I was alone in an alien world with a sick, a desperately sick man. The very
silence was a source of nightmare—I longed even for one of the rare Martian
storms to break it, for at least an eruption, however dangerous, from one of
the great volcanoes in the distant mountain ranges.

It was at this
time, while I mooned haplessly in the little cabin, that I formed the first
wild idea perhaps to make contact with you, my dear John, on distant Earth. The
notion was not so fantastic as it may at first appear. It was something that
Mac had been contemplating quite seriously, even at the time of our first
Martian visit.

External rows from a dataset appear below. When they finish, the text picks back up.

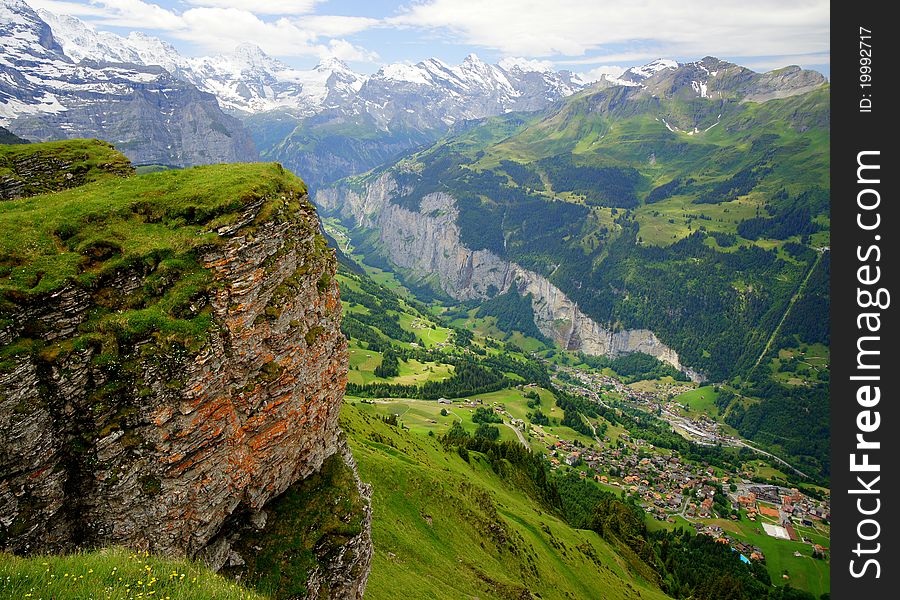 The Swiss village of Lauterbrunnen (near Grindelwald) as seen from the peak of Maennlichen Mountain. The Swiss village of Lauterbrunnen (near Grindelwald) as seen from the peak of Maennlichen Mountain.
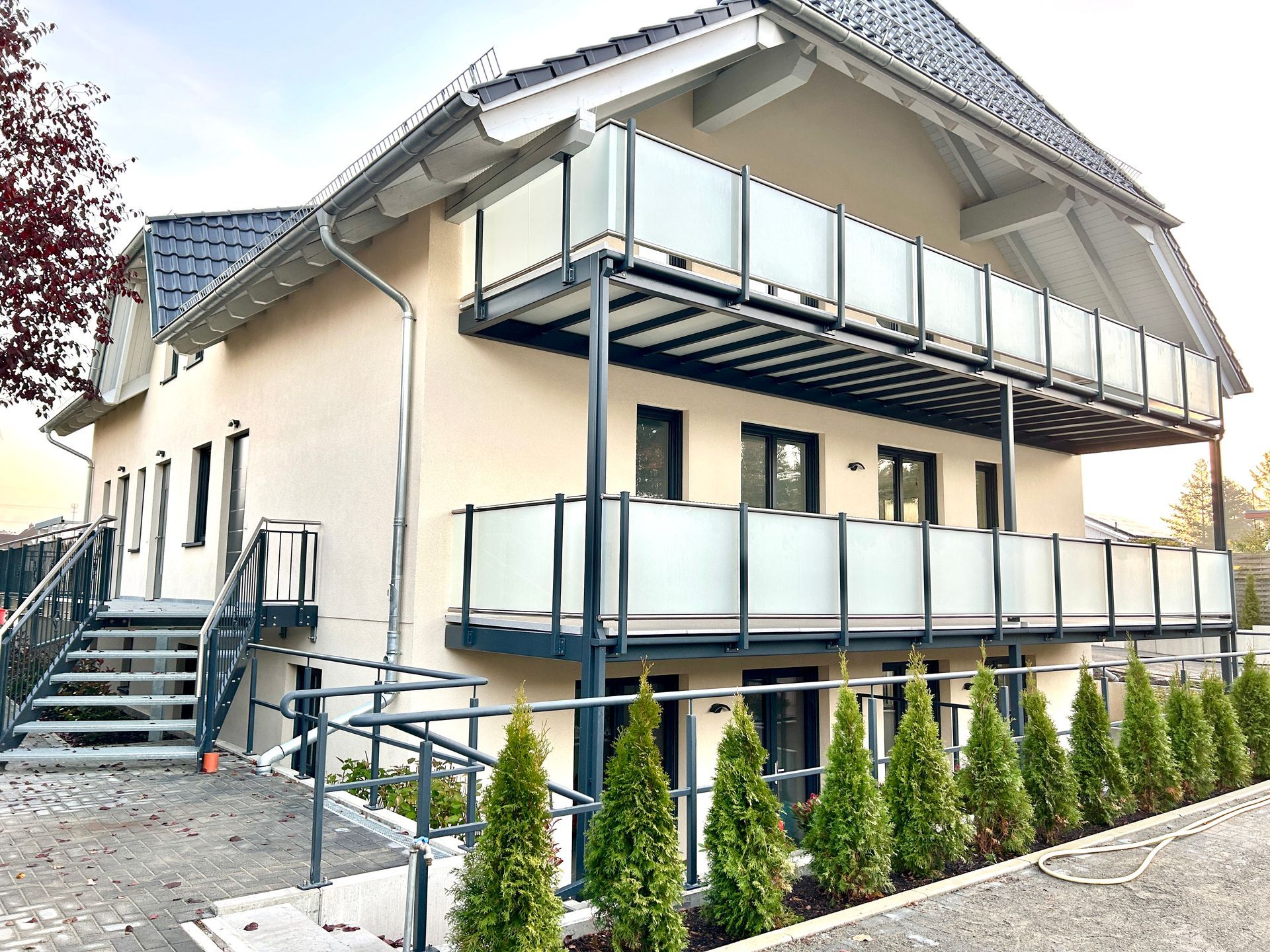 Zweistöckiges Gebäude mit Balkonen, dunklem Dach, hellen Wänden und einer Rampe für barrierefreien Zugang.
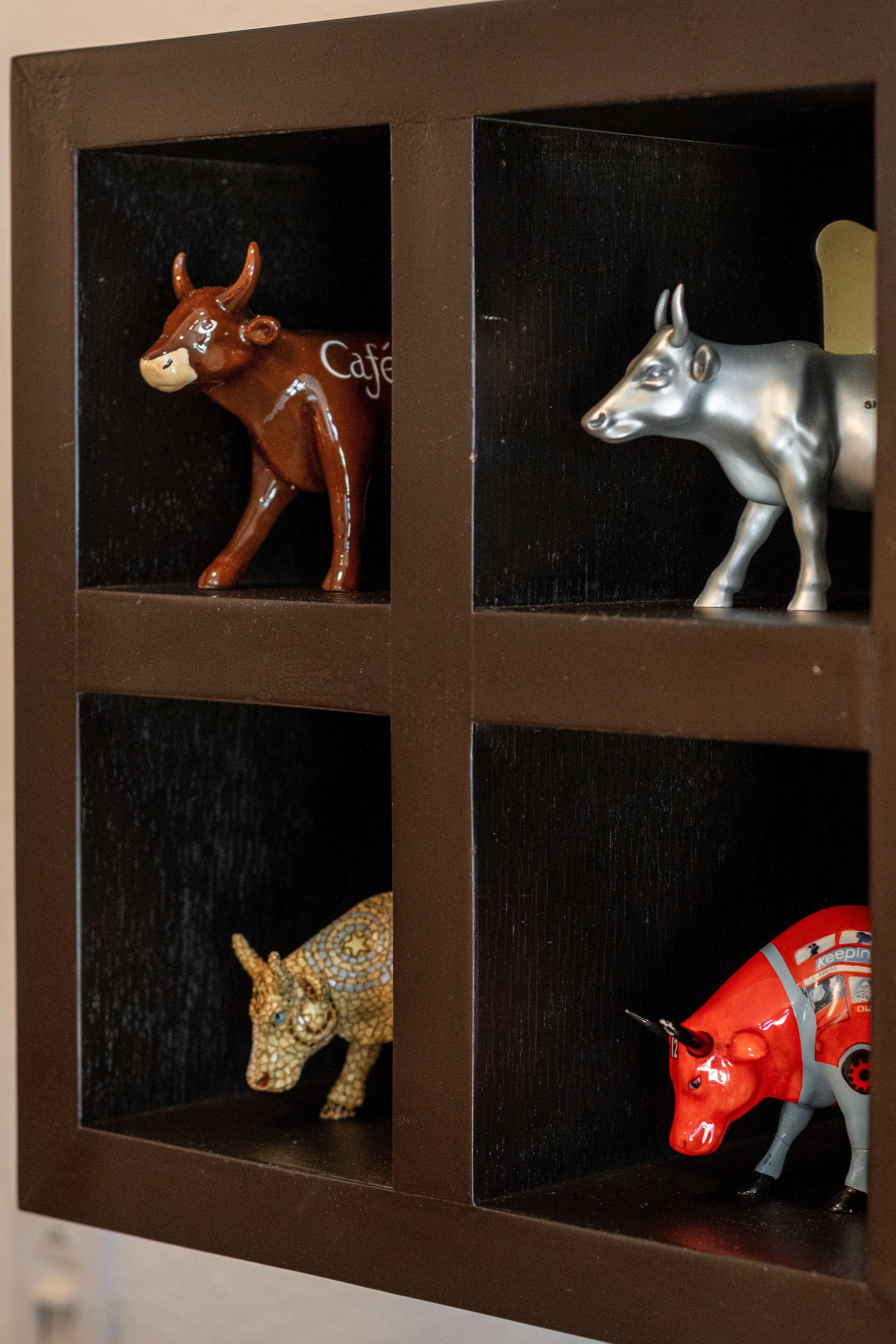 A wooden cabinet with four shelves, each holding a different cow figurine.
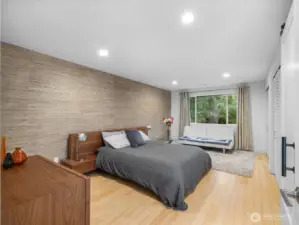Experience this spacious masterfully designed primary suite featuring recess lighting, textured wall, sustainable bamboo floors, large double closet, with new doors and an elegant new door leading to the updated private en-suite.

In the course of his researches among the foothills, he had
discovered vast seams of a curious kind of mineral deposit which he suspected
to be radioactive in a manner not known upon Earth—in no way dangerously, as in
the case of atomic
radioactivity.
 . . .
It is not possible—or even necessary—for me to explain more in the course of
the present narrative; we can discuss it later—we may even, if we ever meet
again (God grant that it may be so!), be able to talk about it face to face.
For the moment, the fact remains that we have achieved contact, as you know; at
our end here, through the agency of one of those very exposed mineral seams I
have mentioned—a great directional aerial, as it were, beaming our messages to
you—and picked up by its equivalent, your friend Mackellar’s airstrip.